Anspruchslose Predigten

Gewiss ist das intellektuell anspruchsvolle Predigen kein Selbstzweck. Vor allem soll das Wort Gottes mit dem wunderbaren Evangelium durch die Predigt ausgelegt werden. Dennoch halte ich Aspekte der Kritik, die Béatrice Acklin Zimmermann in einem NZZ-Gastkommentar formuliert hat, für berechtigt. Viele Predigten, die heute zu hören sind, erinnern an die Trivialisierung und Infantilisierung, die auch in anderen Bereichen der Gesellschaft seit vielen Jahren wahrzunehmen sind, etwa in der Politik oder im TV-Angebot. Zimmermann schreibt:

Spaemann, der sich als Intellektueller mit christlicher Verortung und scharfsinniger Kritiker des Zeitgeistes in den öffentlichen Diskurs einbrachte, konstatierte einen zunehmenden intellektuellen Substanzverlust in der Kirche.

Auch der evangelische Theologe Friedrich Wilhelm Graf, der sich zur Gruppe der Religionsintellektuellen zählt, beklagt eine zunehmende Eventisierung der Gottesdienste und beobachtet vielfältige Tendenzen der Trivialisierung und Infantilisierung der christlichen Freiheitsbotschaft. Laut Graf hängt die Erosion der Kirchen nicht zuletzt mit der zunehmenden Sprachlosigkeit vieler Theologen und Theologinnen zusammen, die in ihren Predigten auffällig oft den Psychojargon bedienen, ein Betroffenheitspathos zelebrieren und vor allem moralisieren würden: «Moralisieren ist nämlich eine intellektuell relativ anspruchslose Veranstaltung.»

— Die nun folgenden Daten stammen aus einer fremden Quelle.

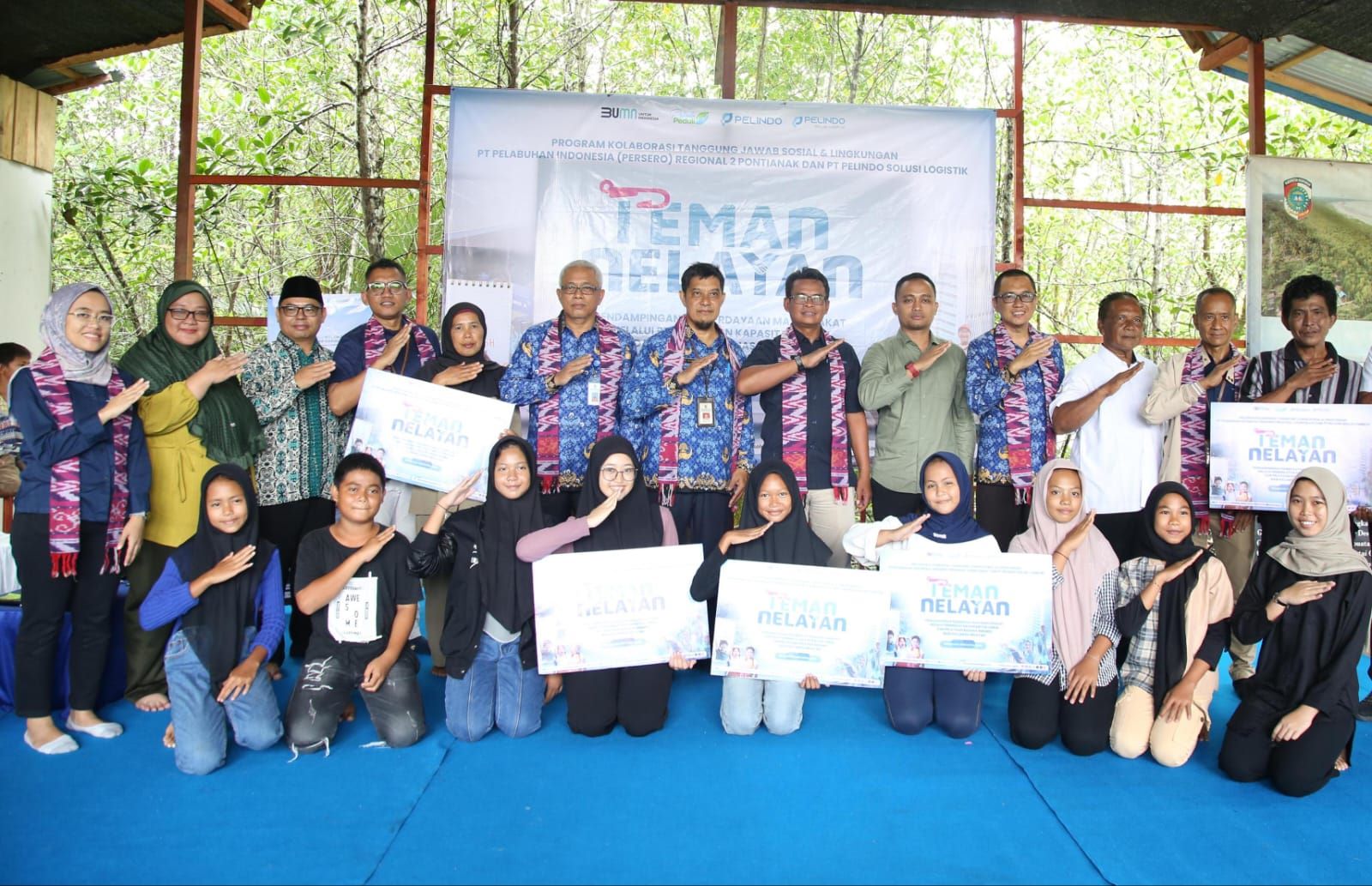 PROGRAM : Foto Bersama Senior Vice President Sekretariat Perusahaan SPSL, Kiki M. Hikmat, GM Pelindo Regional 2 Pontianak, Kalbar Yanto, dan Kadis PKPP Mempawah Gusti Basrun.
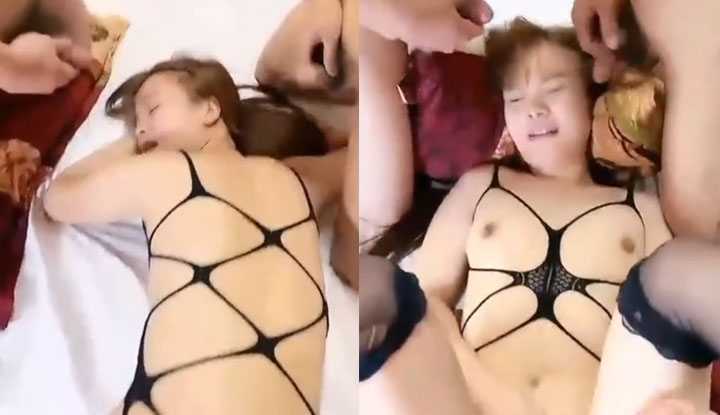 PaliTube - การมีเพศสัมพันธ์กับสุนัขพันธุ์ทางตรงกันข้ามจะมีการมีเพศสัมพันธ์ทางทวารหนักเกิดขึ้น สามอวัยวะเพศทำหน้าที่สลับกัน มีความทนทานและความสุขที่แสดงออกมา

Auch wenn man Graf nicht in all seinen Kritikpunkten beipflichten mag, so lässt es sich nicht beschönigen: Den Kirchen gelingt es immer weniger, ein intellektuell anspruchsvolles Publikum anzusprechen und zu überzeugen. Viele Intellektuelle haben den Eindruck, dass in den oftmals mit Anekdoten angereicherten, spirituell vernebelten und dem Zeitgeist angedienten Predigten elementare Spannungen und Widersprüche des Lebens kaum noch eine Rolle spielen und für die entscheidenden «letzten Fragen» kein Platz mehr bleibt. 

Mehr: www.nzz.ch.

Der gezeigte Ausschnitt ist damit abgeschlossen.